Francis-Rhiney leads Red Stripe's cassava initiative
With more and more women taking the lead in major companies in Jamaica and the world, Red Stripe remains a consistent standard-bearer, with Cavelle Francis-Rhiney running its high-profile Project Grow programme.
Perhaps one of the few females in her field, Francis-Rhiney has an academic background in sustainable development with a focus on food security, climate change and supply chain development. The PhD candidate also holds bachelor's and master's degrees.
In January, she was invited to participate in the Dialogue 4 Development (D4D) Forum, hosted by the Caribbean Community (CARICOM) secretariat as part of the activities under the Agriculture Policy Programme (APP).

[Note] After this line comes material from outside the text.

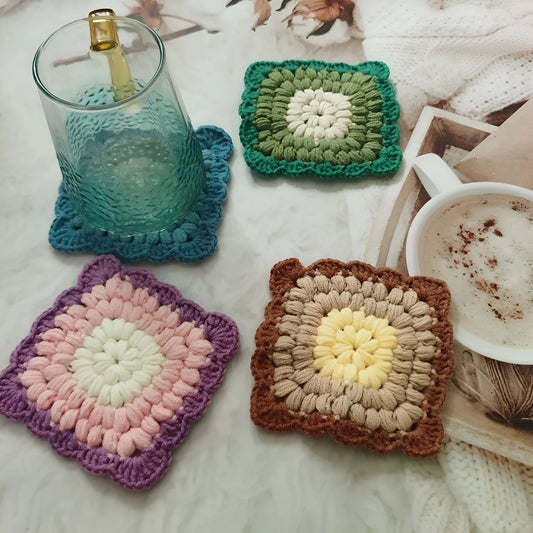 Crocheted wool cup coaster with grandmother lattice pattern in selected colour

Giving her take on the forum, Francis-Rhiney said she, "Was specifically invited to participate in a validation workshop for a consultancy that was done to elaborate a regional public policy framework for the cassava industry in the Caribbean, among other critical issues. It was a rewarding experience and added to the impetus for me to play my part in ensuring that what Red Stripe is doing is an absolute success. The Caribbean is watching and this project will very likely influence developments throughout the region.''
Red Stripe's Project Grow is a sustainable agriculture strategy to increase use of local raw materials, particularly cassava, in its brewed products with a target of 40 per cent by 2020. It currently uses five per five per cent of cassava starch in its Red Stripe brew, which the company grows on farms in St Catherine.
The main objective of project grow is to develop a sustainable cassava starch supply chain with some 3,000 acres of cassava under cultivation and agro processing capacity of 100 root tons/day to convert cassava roots to starch and eventually high maltose syrup (HMS) thus replacing imported high maltose corn syrup (HMCS) in brewing with cassava starch up to 40 per cent of extract.

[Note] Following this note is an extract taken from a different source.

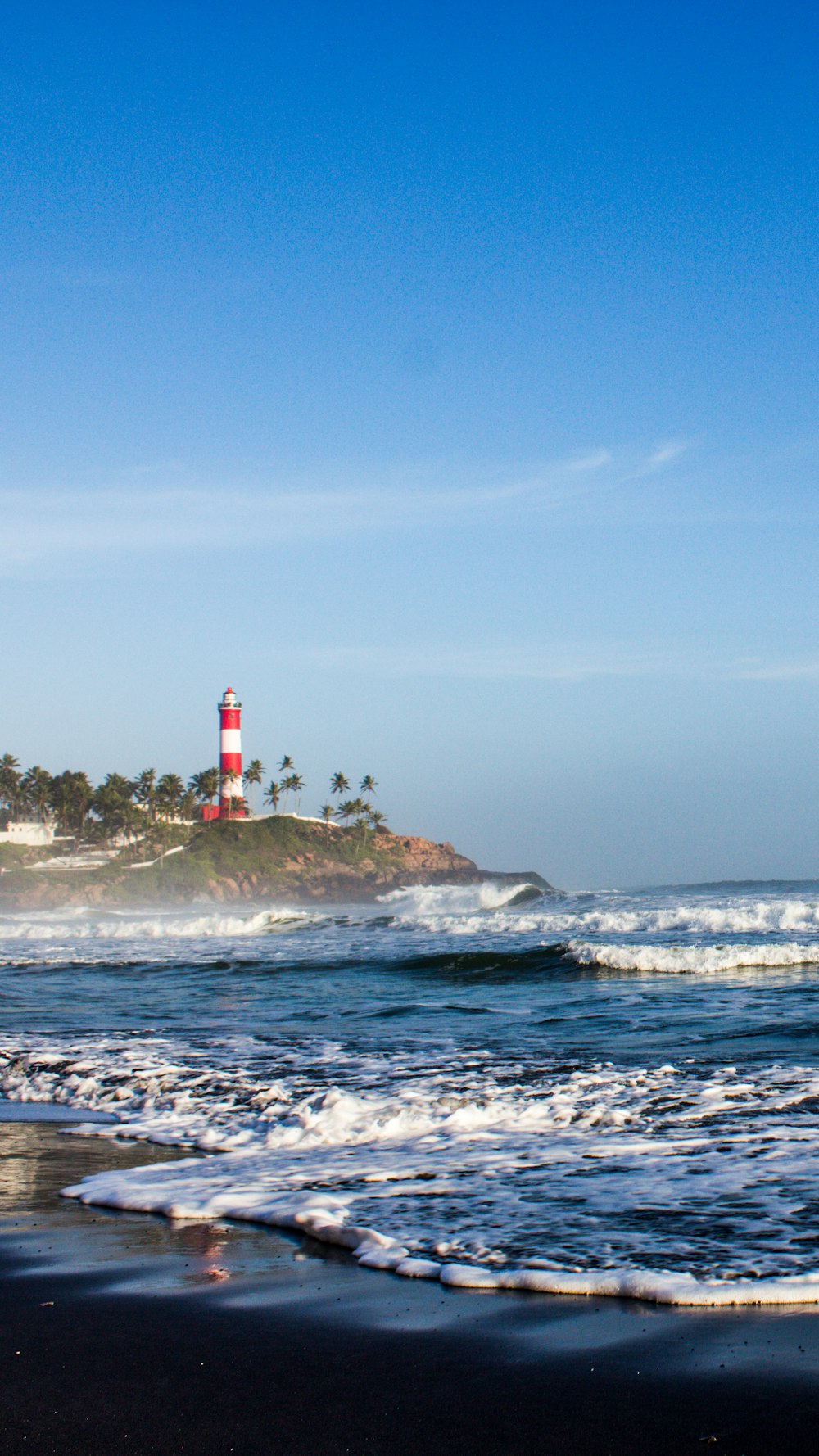 red and white lighthouse on rock formation near sea during daytime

Since its inception in 2014, Project Grow has also provided the training and employment of nearly 70 youths, the installation of a cassava starch processing plant in Jamaica, and the development and cultivation of cassava tubers under commercial conditions on Red Stripe owned farms.
With Francis-Rhiney playing a key role in orchestrating these achievements and, as a leader in the Project Grow initiative, Red Stripe is poised to achieve even more in the coming months.